Personal information
- Full name: Stuart Atkin
- Born: 16 May 1957 (age 68)
- Original team: Beaufort
- Height: 196 cm (6 ft 5 in)
- Weight: 96 kg (212 lb)

Playing career^{1}
- Years: Club / Games (Goals)
- 1980–1983: Collingwood / 18 (2)
- ^{1} Playing statistics correct to the end of 1983.

= Stuart Atkin =

Australian rules footballer

Stuart Atkin (born 16 May 1957) is a former Australian rules footballer who played with Collingwood in the Victorian Football League (VFL) during the early 1980s.

Stuart is the fourth son of a soldier settler family in the Western District of Victoria. He started his junior football with SMW Rovers (Streatham, Mininera and Westmere) in the Mininera League. Beaufort Football Club then playing in the Ballarat League recruited him in 1976 on permit initially. After only playing a half season in 1977 on permit he came third in the Ballarat League Best and Fairest (The Henderson Medal). He was initially refused a clearance from his former club until he decided to stand out of football rather than continue with SMW Rovers. After joining Beaufort full-time in 1978 he won the Henderson medal that year in the Ballarat Football League.
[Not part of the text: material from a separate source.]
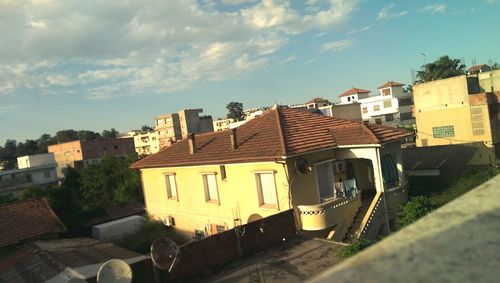 Railroad tracks by buildings in city against sky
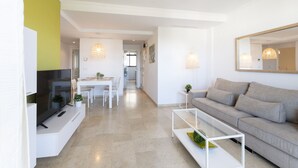 Ein modernes Wohnzimmer mit Flachbildfernseher, grauem Sofa, Glastisch und Essbereich mit weißem Tisch und Stühlen.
After arriving in 1979 from Beaufort, Atkin played a lot of reserves football before finally breaking into the Collingwood seniors in 1980. The second of his two appearances that season was in an Elimination Final win over North Melbourne. An understudy to ruckman Peter Moore, Atkin played 12 games in 1981 and was named on the interchange bench (although he started on the field as ruckman) in Collingwood's losing 1981 VFL Grand Final side.

He joined Preston in 1984, as a replacement for the retired Geoff Austen. Preston won the 1984 grand final being the second year in a row (back to back).